**Exercise goal**
In the entries that follow, the lines from the one with "Red Party Formal" through the one with "Card Bag Clear" are the ones to write out, exactly and with both ends included. Nothing else should appear.

**Records provided**
* * * * * * * * *

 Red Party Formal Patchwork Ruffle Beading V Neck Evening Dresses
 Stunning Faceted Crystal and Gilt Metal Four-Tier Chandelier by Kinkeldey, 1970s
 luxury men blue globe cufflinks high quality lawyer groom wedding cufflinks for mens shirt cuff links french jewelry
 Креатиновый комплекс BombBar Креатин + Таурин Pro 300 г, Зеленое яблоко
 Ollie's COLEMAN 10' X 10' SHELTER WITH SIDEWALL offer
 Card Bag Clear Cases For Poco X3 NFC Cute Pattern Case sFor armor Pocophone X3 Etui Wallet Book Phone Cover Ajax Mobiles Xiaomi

* * * * * * * * *

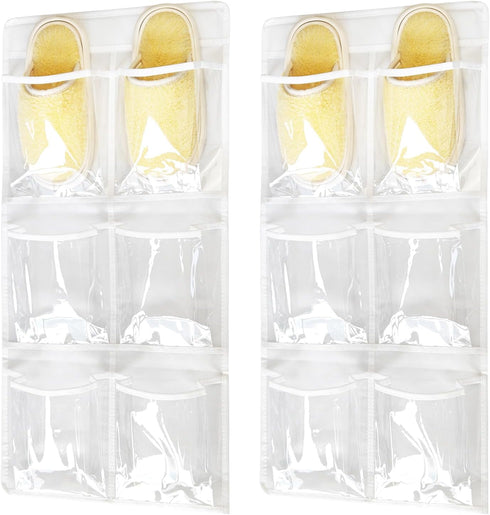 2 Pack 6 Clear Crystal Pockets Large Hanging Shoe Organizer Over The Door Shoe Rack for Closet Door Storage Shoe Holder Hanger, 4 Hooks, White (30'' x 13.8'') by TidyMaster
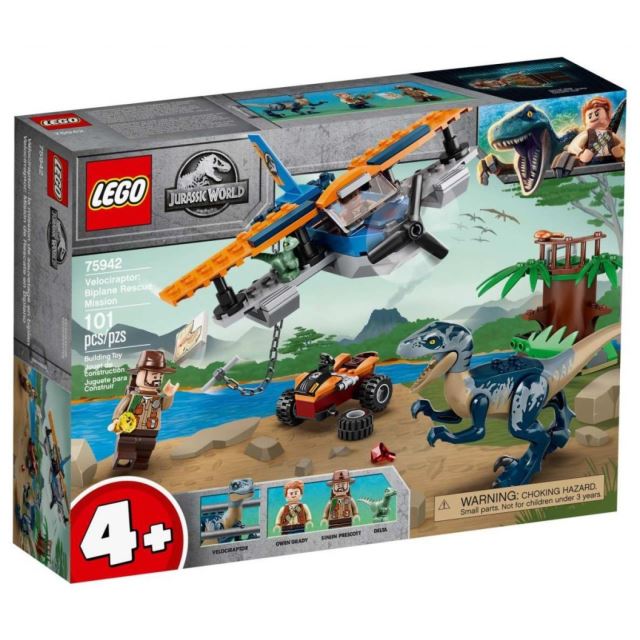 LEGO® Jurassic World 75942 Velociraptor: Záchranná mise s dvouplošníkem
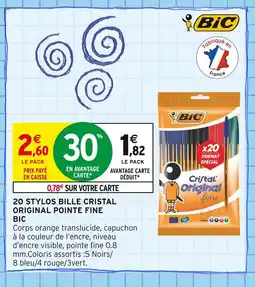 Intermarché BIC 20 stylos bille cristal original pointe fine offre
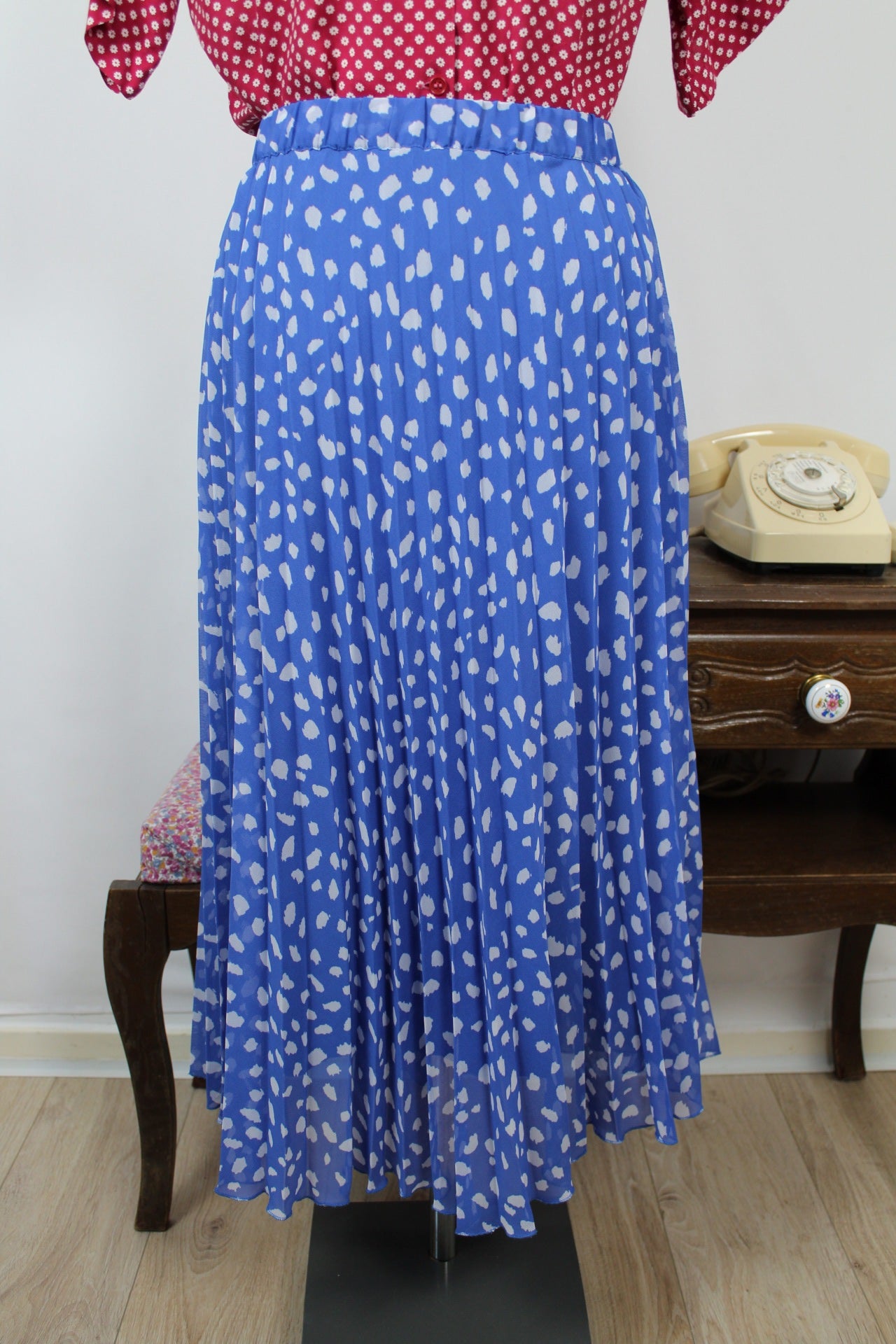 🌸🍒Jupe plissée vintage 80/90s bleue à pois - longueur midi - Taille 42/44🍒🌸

* * * * * * * * *

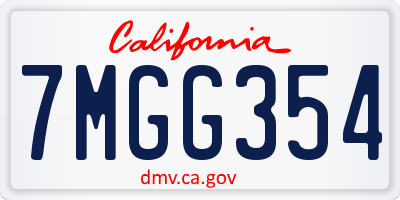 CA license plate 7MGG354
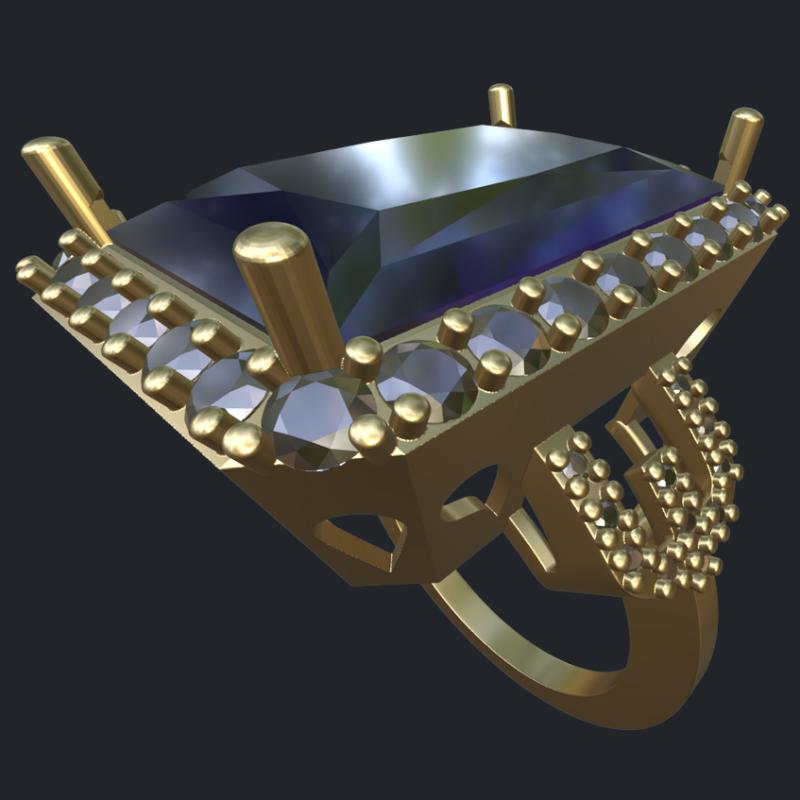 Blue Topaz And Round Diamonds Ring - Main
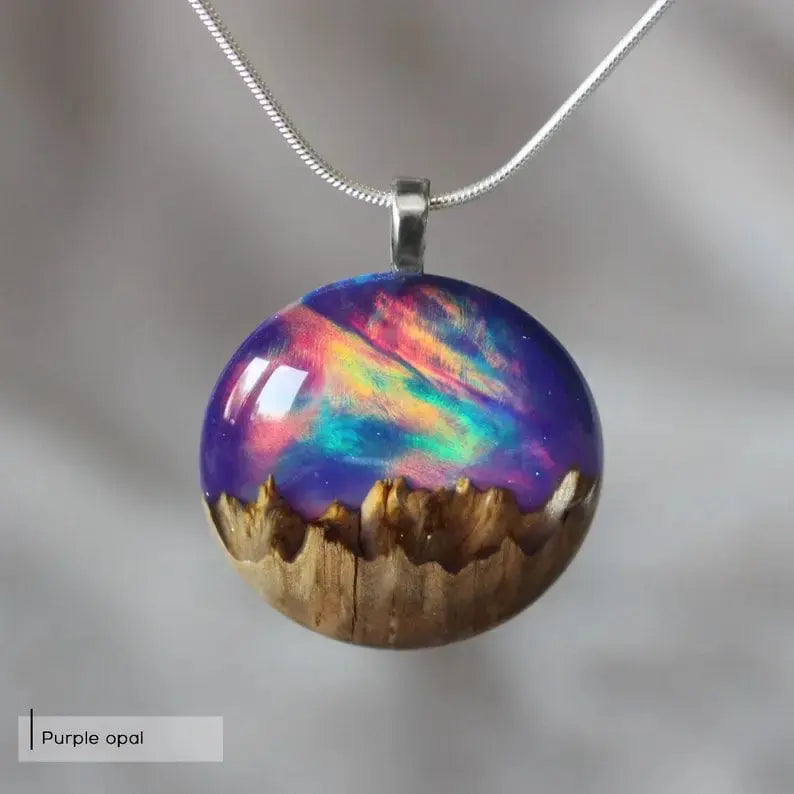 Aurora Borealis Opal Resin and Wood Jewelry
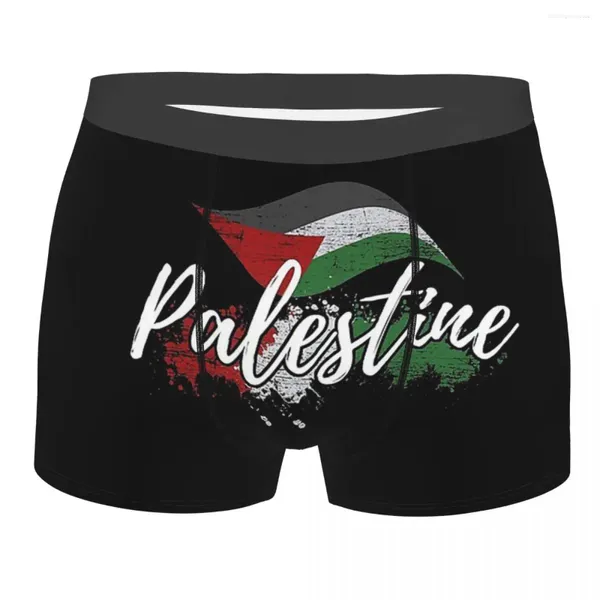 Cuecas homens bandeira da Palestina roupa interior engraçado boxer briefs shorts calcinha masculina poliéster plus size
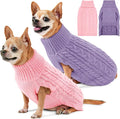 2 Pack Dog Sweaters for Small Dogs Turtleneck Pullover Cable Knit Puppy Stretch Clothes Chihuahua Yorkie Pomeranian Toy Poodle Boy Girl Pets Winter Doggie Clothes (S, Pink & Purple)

* * * * * * * * *

**Task answer**
 Red Party Formal Patchwork Ruffle Beading V Neck Evening Dresses
 Stunning Faceted Crystal and Gilt Metal Four-Tier Chandelier by Kinkeldey, 1970s
 luxury men blue globe cufflinks high quality lawyer groom wedding cufflinks for mens shirt cuff links french jewelry
 Креатиновый комплекс BombBar Креатин + Таурин Pro 300 г, Зеленое яблоко
 Ollie's COLEMAN 10' X 10' SHELTER WITH SIDEWALL offer
 Card Bag Clear Cases For Poco X3 NFC Cute Pattern Case sFor armor Pocophone X3 Etui Wallet Book Phone Cover Ajax Mobiles Xiaomi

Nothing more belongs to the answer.